Ranking the Top 10 Point Guards in the NBA

11 of 11

1. Chris Paul

Feb 23, 2013; Los Angeles, CA, USA; Los Angeles Clippers guard Chris Paul (3) is defended by Utah Jazz guard Alec Burks (10) at the Staples Center. The Clippers defeated the Jazz 107-94. Mandatory Credit: Kirby Lee-USA TODAY Sports

I thought long and hard before I settled on Chris Paul as the top point guard in the league.  I thought about Parker’s playoff pedigree, and the championships, and how Paul is the sexy choice but not necessarily the best point guard right now; but then I remembered one thing: Chris Paul was born to play point guard, and pretending that he’s not the very best at what he does would be heresy.

Here’s a personal anecdote on Chris Paul that I remembered when making this decision: I went to three or four random Golden State Warriors games when Paul was in town with the Hornets about four, five, maybe six years ago.  I hadn’t selected those Warriors-Hornets games for any particular reason; the opportunity was presented to me to go to a game, and I went simply because I wanted to see a game.

Each and every one of those games were competitive.  Neither the Warriors nor the Hornets had very good teams at that point in time.  All of those games took on the same shape, where a close game at halftime turned into a 4-8 point Hornets lead in the third quarter, and every time the Warriors would lose by approximately 10-12 points.
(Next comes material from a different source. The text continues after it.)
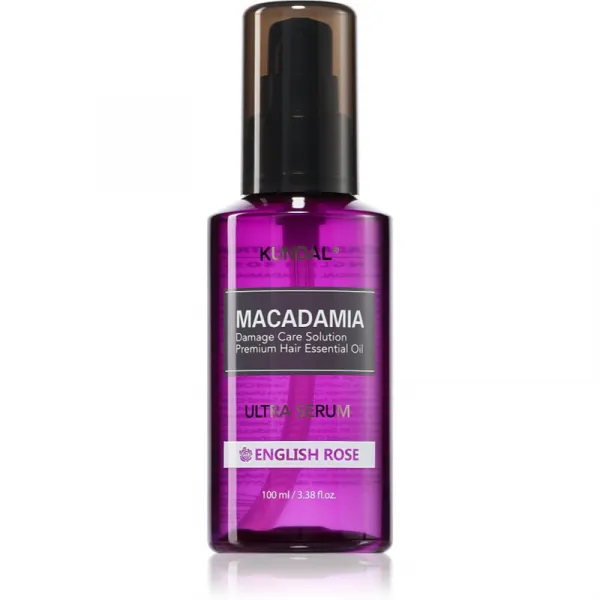 KUNDAL Macadamia Ultra Serum English Rose regeneračné olejové sérum pre poškodené vlasy 100 ml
The one thing I distinctly remember about each and every one of those games was the poised, polished execution of one Christopher Emmanuel Paul.  Whether it was pick-and-roll with Tyson Chandler that led to an alley-oop, a jumper from the elbow that was practically automatic, or a nifty pass in transition for an easy two points, Paul always had the answer for whatever the Warriors were going to throw at him.  When everyone else on the floor was moving at 100 miles per hour, he looked like he was in slow motion (in a good way).  Always in control, never rattled.

Say what you want about the other guys on this list, but I don’t think there’s a game situation you could throw at Chris Paul where he would not know exactly what do to and when to do it.  I mean, does anyone actually think that Vinny Del Negro knows more about basketball than Chris Paul?  If anyone but Donald Sterling owned the Clippers, Del Negro would be one boneheaded, playoff-costing mistake away from running a summer camp in Encino while Paul leads the Clippers to their first championship as player-coach.
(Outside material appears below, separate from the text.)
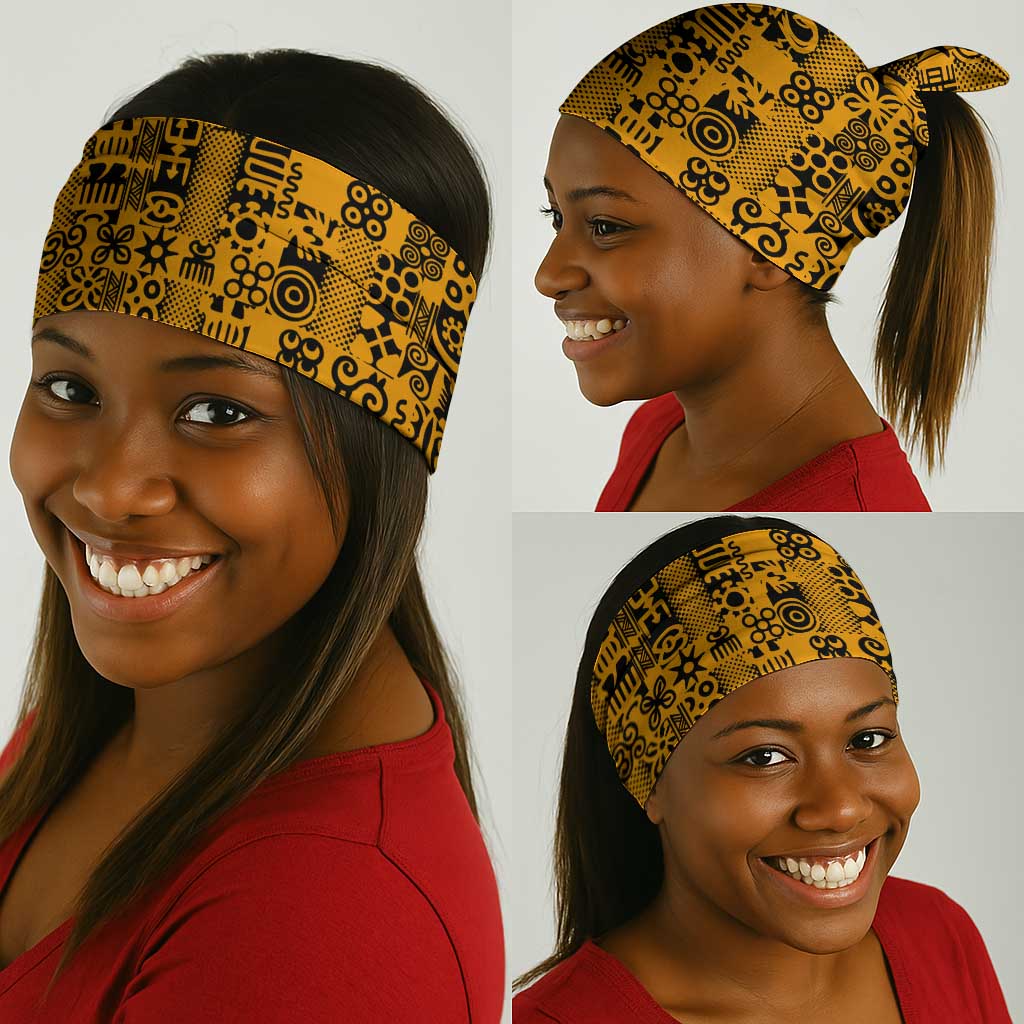 West African Yellow Art - Adinkra Culture Neck Gaiter DT02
Take a look at this video and ask yourself if there’s any other point guard in the game today that’s on Chris Paul’s level as far as controlling their own play, as well as that of their team and the overall flow of the game.

You could look at his stats, but the truth is that those numbers don’t even begin to describe the effect that he has on a basketball team, and his time in with the Hornets certainly skewed his number because if he wasn’t scoring 20+ points and getting 10+ assists every game, they weren’t ever going to have a chance to win.
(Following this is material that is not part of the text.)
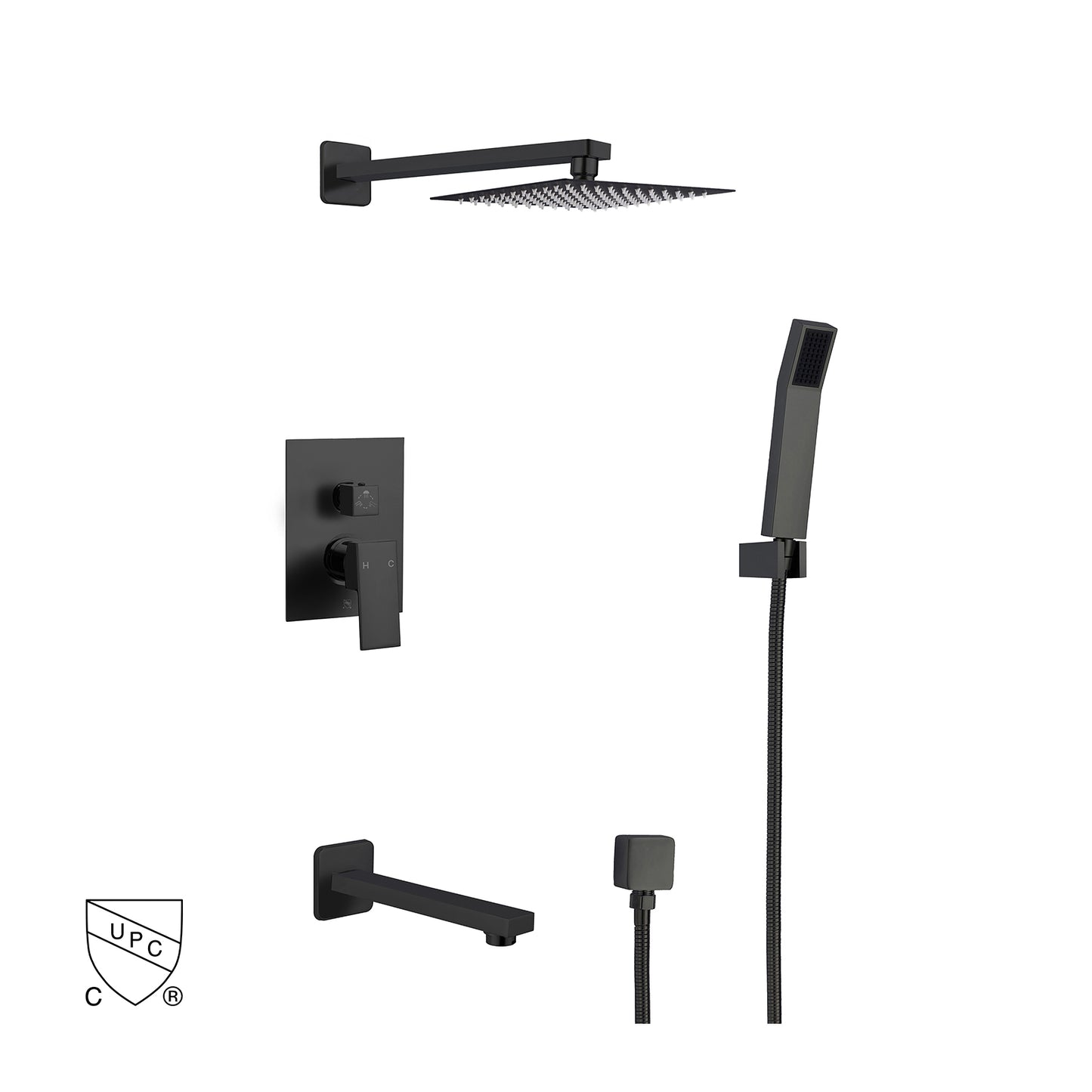 Pressure Balance Shower & Bathtub Kit - KBPHHS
Now that he’s with the Clippers, you don’t get that sad feeling when you look at a great player wasting away on a team with no future (I can’t believe I just wrote that about the Clippers).  They’re in a position to make a serious run at the title this year, one of maybe four teams that can say that, five if you’re being incredibly generous to some wild card team like the Knicks or the Pacers.  That’s not possible without Chris Paul, and he’s single-handedly transformed them into a contender and saved Blake Griffin from being the next victim of the Clippers Curse.

You can look at his All-Star Game MVP this year as recognition of his supremacy over all other NBA point guards, but personally, I’m more impressed by his instant removal of that losing stench that the Clippers were mired in for so long.  When you can remove that type of bad juju, you’re doing alright.